Следует обратить особое внимание еще на один предмет в комнате Плюшкина, который, как и шкатулка Чичикова, на наш взгляд, может рассматриваться в качестве эмблематического по отношению к герою. Речь идет о «бюре». В данном случае бюро представляет собой собрание предметов, как и предметы натюрморта, «зависших» между жизнью и смертью.

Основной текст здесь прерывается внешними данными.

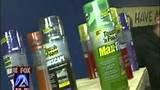 Foam Insulation In A Can Photos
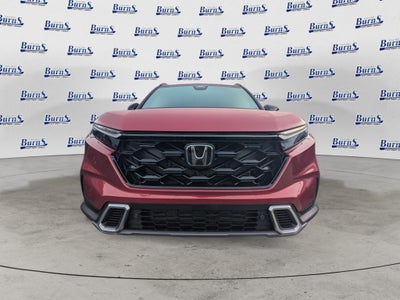 2026 Honda CR-V AWD Sport Touring Hybrid
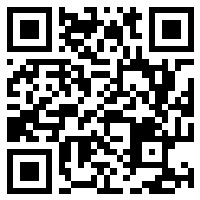 QR Code for bitcoin:3BMEXXS7fp6128PtmLGs1WUk4PQJUuRjwF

Собственно говоря, по технике описание бюро и представляет собой натюрморт, он же — «портрет» героя:
На бюре, выложенном перламутною мозаикой, которая местами уже выпала и оставила после себя одни желтенькие желобки, наполненные клеем, лежало множество всякой всячины: куча исписанных мелко бумажек, накрытых мраморным позеленевшим прессом с яичком наверху, какая-то старинная книга в кожаном переплете с красным обрезом, лимон, весь высохший, ростом не более лесного ореха, отломленная ручка кресел, рюмка с какою-то жидкостью и тремя мухами, накрытая письмом, кусочек сургучика, кусочек где-то поднятой тряпки, два пера, запачканные чернилами, высохшие как в чахотке, зубочистка, совершенно пожелтевшая, которою хозяин, может быть, ковырял в зубах своих еще до нашествия на Москву французов (VI, 115).
Здесь вещи из прошлой, «живой», жизни и «мертвый» хлам настоящего. Из того и другого временного ряда выделены предметы, относящиеся к письму: исписанные мелко бумажки, старинная книга в кожаном переплете с красным обрезом, письмо, «кусочек сургучика», «два пера, запачканные чернилами». Тема, как известно, сквозная в «Мертвых душах»9. В нашем контексте эти предметы, как и рюмка с засохшей жидкостью, и высохший лимон, и кусок тряпки, сквозь черты тлена и распада, нарочитое снижение, травестийно воспроизводят черты классического философского натюрморта, известный как vanitas (буквально «суета сует»). И книга, и рукопись, и чернильница с перьями, и недопитый кубок с вином, и кусок драпировки, и лимон, — каждый из этих предметов эмблематичен в философском тезаурусе10. Полисемантичность предметной эмблематики обеспечивала многозначность и вариативность интерпретации натюрморта. Ю. М. Лотман отмечал, что иногда в натюрморте достаточно одной эмблематической детали, задающей код чтения, в этом случае «остальные элементы, порой старательно „замаскированные“ под бытовые предметы, раскрывают свою символическую сущность»11. В данном случае бросается в глаза теснота, предметная перенасыщенность «натюрморта».
Таким образом, можно говорить об удваивании пространства за счет создания объемного, «стереоскопического», живописного изображения (натюрморт) и сообщения живописной двухмерной проекции предметному описанию (бюро). Оба эффекта обеспечиваются нарративным сдвигом, благодаря которому созерцание пространства «незаметно» перемещается от героя к повествователю, в результате чего «наблюдательная» точка героя-визионера становится основой пространственной структуры.
Оставаясь по внешней функции фоновым источником характерологической и культурно-бытовой информации, картины наделены пространственно-семиотической моделирующей функцией, позволяющей эксплицировать движение авторского метасюжета в зрительных образах. В этом смысле картины являются выражением общей манеры гоголевского письма, важнейшей чертой которого считается изобразительность, что уже не раз отмечалось исследователями. Гоголю, безусловно, принадлежит особая роль в создании поэтики визуальности («зримости»). Он относится к тем редким писателям, у которых, как писал М. М. Бахтин, «все остальные внешние чувства, внутренние переживания, размышления и абстрактные понятия объединялись вокруг видящего глаза как своего центра, как первой и последней инстанции», а зримое «было обогащено и насыщено всей сложностью смысла и познания»12 (курсив автора. — Т. П.).
Примечания
5. Манн Ю. В. Поэтика Гоголя. М, 1978. С. 193-194.
6. Подорога В. А. Указ. соч. С. 22.
12. Бахтин М. М. Эстетика словесного творчества. М., 1979. С. 206-207.